In the Waitaki graben there are several small blocks of great interest as examples of tectonic forms. One small tilted block just behind Kurow exhibits an almost perfectly preserved back-slope and even crest-line (see fig. 3).
Fig. 3.—Small tilted block in the Waitaki Valley graben. View looking south-westward across the bed of the Waitaki River. The height of the scarp at the eastern end is about 1,000 ft. At the western end a glimpse is caught of the crest-line of the northern highland of Otago.

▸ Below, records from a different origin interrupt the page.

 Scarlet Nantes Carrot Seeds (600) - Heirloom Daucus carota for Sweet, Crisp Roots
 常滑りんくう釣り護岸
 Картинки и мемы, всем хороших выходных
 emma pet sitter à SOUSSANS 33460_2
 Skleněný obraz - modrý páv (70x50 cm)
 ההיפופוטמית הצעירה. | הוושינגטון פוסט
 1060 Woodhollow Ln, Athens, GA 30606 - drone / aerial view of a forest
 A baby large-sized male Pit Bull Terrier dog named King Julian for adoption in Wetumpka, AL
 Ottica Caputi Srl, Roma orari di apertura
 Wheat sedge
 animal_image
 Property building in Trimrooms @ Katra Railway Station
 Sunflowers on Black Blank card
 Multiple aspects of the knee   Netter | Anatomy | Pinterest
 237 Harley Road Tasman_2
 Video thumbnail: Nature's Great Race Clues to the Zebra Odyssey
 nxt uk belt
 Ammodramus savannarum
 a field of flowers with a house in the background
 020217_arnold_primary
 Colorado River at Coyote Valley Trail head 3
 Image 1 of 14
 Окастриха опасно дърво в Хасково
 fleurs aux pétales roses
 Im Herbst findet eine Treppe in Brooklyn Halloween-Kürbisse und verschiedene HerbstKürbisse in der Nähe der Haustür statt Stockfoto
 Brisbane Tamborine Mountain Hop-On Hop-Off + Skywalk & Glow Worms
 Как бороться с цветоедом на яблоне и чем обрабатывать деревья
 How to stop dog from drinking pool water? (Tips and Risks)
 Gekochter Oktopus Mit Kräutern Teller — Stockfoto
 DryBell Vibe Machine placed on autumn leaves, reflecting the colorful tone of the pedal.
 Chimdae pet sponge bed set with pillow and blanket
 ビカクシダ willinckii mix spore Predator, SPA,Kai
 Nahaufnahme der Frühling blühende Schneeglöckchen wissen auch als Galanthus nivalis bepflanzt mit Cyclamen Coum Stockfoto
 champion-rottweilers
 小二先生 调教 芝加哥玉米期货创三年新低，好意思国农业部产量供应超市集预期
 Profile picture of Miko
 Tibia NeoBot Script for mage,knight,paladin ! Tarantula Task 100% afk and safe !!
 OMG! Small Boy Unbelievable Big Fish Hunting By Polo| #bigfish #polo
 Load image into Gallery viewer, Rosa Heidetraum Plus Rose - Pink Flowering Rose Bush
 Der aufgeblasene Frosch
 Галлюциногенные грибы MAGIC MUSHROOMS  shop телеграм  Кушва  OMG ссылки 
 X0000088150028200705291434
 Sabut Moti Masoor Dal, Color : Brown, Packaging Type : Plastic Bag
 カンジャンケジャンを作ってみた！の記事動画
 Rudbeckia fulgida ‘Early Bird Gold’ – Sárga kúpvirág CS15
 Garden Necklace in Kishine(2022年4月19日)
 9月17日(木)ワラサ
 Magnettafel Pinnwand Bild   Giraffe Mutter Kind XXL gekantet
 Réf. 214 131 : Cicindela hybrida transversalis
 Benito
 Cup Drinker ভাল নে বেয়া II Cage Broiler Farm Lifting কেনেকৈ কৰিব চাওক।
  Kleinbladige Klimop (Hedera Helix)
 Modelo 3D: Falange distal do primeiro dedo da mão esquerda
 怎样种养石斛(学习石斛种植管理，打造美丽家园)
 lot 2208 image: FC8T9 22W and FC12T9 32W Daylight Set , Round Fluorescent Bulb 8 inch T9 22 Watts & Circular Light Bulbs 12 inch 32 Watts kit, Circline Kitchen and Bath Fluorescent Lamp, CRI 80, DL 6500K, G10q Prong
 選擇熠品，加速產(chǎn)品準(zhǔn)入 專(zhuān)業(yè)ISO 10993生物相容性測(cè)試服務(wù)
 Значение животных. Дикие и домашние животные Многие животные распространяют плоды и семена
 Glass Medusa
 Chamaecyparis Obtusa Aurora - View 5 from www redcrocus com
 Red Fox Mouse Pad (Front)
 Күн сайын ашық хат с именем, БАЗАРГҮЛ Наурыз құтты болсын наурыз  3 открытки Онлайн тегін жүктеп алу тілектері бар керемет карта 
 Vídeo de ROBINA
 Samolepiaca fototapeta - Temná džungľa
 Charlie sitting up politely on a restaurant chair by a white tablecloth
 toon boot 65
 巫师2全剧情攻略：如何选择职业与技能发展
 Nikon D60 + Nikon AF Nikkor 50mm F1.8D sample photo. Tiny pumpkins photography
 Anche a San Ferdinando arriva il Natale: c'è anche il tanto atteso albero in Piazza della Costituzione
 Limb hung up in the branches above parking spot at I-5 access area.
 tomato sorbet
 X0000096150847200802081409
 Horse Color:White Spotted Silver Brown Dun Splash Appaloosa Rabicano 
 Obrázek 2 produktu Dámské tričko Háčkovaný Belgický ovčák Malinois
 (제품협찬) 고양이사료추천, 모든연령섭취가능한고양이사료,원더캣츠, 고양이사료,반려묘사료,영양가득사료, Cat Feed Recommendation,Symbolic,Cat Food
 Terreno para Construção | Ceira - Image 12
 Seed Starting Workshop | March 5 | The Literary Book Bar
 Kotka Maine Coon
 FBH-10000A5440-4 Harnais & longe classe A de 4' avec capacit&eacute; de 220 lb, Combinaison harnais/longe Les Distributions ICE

Another striking feature is a splinter from the northern fault-scarp of the graben just opposite Duntroon (Plate XXX, fig. 2). The fossil plain or stripped surface of the greywacke undermass, which is similar to that of the back-slope of the Hunter's Hills,* forms a plateau considerably over 1,000 ft. above the level of the valley-floor, and a strip of it descends in a westerly direction along the splinter, coming right down to the level of the low terraces bordering the river. While the cover has been removed, the fossil plain is almost untouched by erosion. The fault-scarp at the back of the splinter is well preserved; that in the front has been sharpened by the river.
[Footnote] * C. A. Cotton, loc. cit. (1916), fig. 2, p. 316.